The article states that the Department for Education (DfE) “would review the findings and take action where needed.” History would suggest that this ‘review’ will be piecemeal and the ‘action’ negligible. And so it will continue.
I have written on this issue several times for Educating Brentwood, most recently last August when I highlighted again the report of the then Children’s Commissioner regarding schools who sought to dissuade parents of SEND children from joining their school, ‘It Might Be Best If You Looked Elsewhere’ . In Twitter exchanges afterwards the author of the report confirmed that no action was taken to address the issues within the report pertaining to this or unfair admissions generally, and she had little confidence that action would ever be taken.
There is a central reason why this state of affairs is allowed to persist and why successive governments have been reluctant to tackle it but I have not seen any analysis that states it.
It is very simply this: selection and segregation is popular.
More importantly it is popular with parents who are likely to vote.
As several people have pointed out on Twitter this weekend, academic selection is popular with those who assume that their children will benefit from it. If that is not an option, more subtle selection via complex admissions codes will suffice. Because, far from seeing the benefits to their children of mixing with kids from other backgrounds, faiths, or even sex, many parents see perceived differences as potentially corrupting factors for their children’s education. Worse, the current education system and its inspection regime encourages this.
The fragmentation of the education system in the apparent pursuit of ‘greater parental choice’, be it in the shape of grammars, faith schools or spurious subject ‘aptitude tests’, is based on exclusion rather than ensuring the best possible education for ALL children. How else to explain this graph of school intakes in one non-selective area of London?
Why do schools seek to manipulate their intake? This graph, put together by headteacher Trevor Burton, of Ofsted gradings by ability intake tells you all you need to know.
So the problem is well known, the evidence is available, and yet nobody acts to address it.
It’s why the last Labour government stopped short of scrapping grammars.
It gives insight into the ease with which new faith schools can gain sufficient signatures to ‘prove demand’ to open.
It explains why faith schools continue to operate complex criteria despite the stated wish of many faith leaders that they become truly accessible to their local communities.
It is quite clear from the outgoing Chief Schools Adjudicator that the current regime, based on whistle blowing instead of proactive monitoring, is not going to address unfair admissions. Schools willing to dissuade SEND children from being part of the intake appear to be able to do so (publicly) without sanction. How will this situation change if there appears no willingness to take any meaningful action against transgressors?

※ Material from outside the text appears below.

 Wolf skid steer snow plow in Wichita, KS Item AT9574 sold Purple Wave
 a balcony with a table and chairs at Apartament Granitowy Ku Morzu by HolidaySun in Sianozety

Some argue that parents need to be persuaded to look beyond the received wisdom of the playground and narrow Ofsted headline judgements and encounter the benefits for their children of being part of a truly inclusive environment and that more balanced intakes will result. However, even parents who would like to see fairer admissions are currently getting drawn into ‘playing the game’ via tutoring or temporary Christianity as they have no confidence that action will be taken and so go along with the prevailing myth that not doing so is not ‘doing what’s best’ for their child.

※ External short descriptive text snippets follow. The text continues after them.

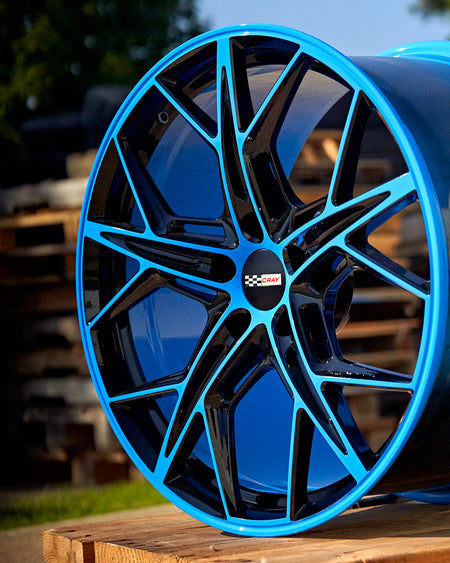 Corvette C8 Rapid blue and black wheel and tire package 20in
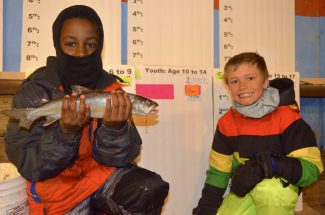 Young Sam Welch (left) displays his winning catch Sunday morning at the North Shore Resort Weight Station as his fishing partner and best friend Ritchard (Ricky) Fortinato looks on. The two boys were very successful during this year’s tournament with Sam sitting in first place in the 10 to 14-year-old age division Sunday.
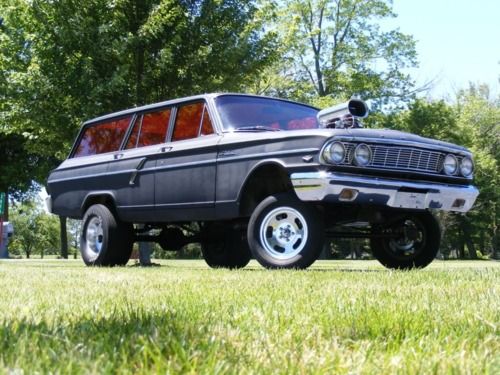 an old station wagon is parked in the grass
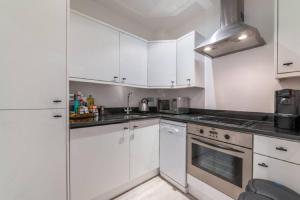a kitchen with white cabinets and a stove top oven at One Bedroom - Tower Bridge - London City by Prime London Stays M-10 in London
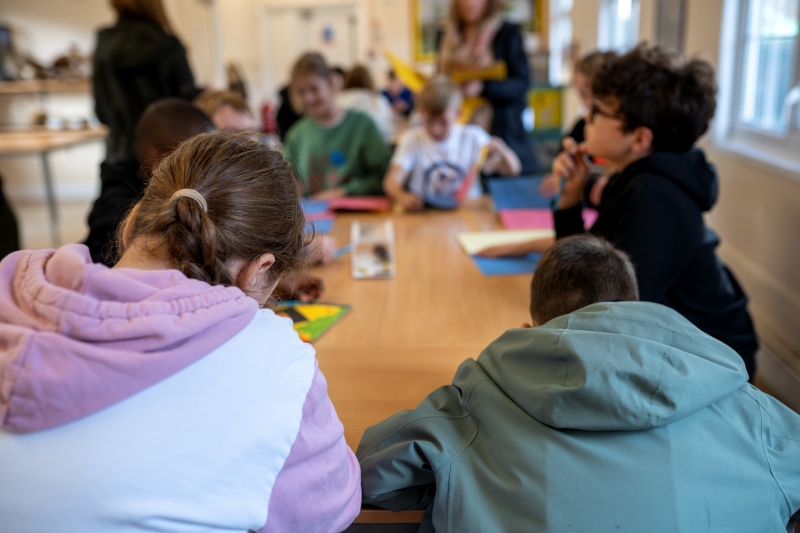 Children focusing on a task in a classroom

It is clear to me that maximising the educational chances for all of our children should be central to education policy and therefore ensuring comparable access to facilities and resources via fair admissions should be the starting point and a priority for government. So unless regular proactive checks are carried out and meaningful sanctions are placed on transgressors you will forgive me for thinking that talk of education being the engine of ‘social justice’ is hot air.
Some commentators will point to selection by house price as being the consequence of giving priority to local people but I view that as an excuse for inaction. Local catchments address the concerns about complexity and are surely preferable (and fairer) than having degrees of church attendance filling up the first eight categories of over subscription criteria!
Swift substantive action is possible if the will is there. Scrapping Supplementary Information Forms and dropping the Ofsted ‘Outstanding’ rating would be where I would start but then again maximising educational opportunity is my main concern, not appeasing voters.
While political concerns remain primary then I am confident that unfair admissions and segregation will continue to be a feature of our education system, to the detriment of all of our children.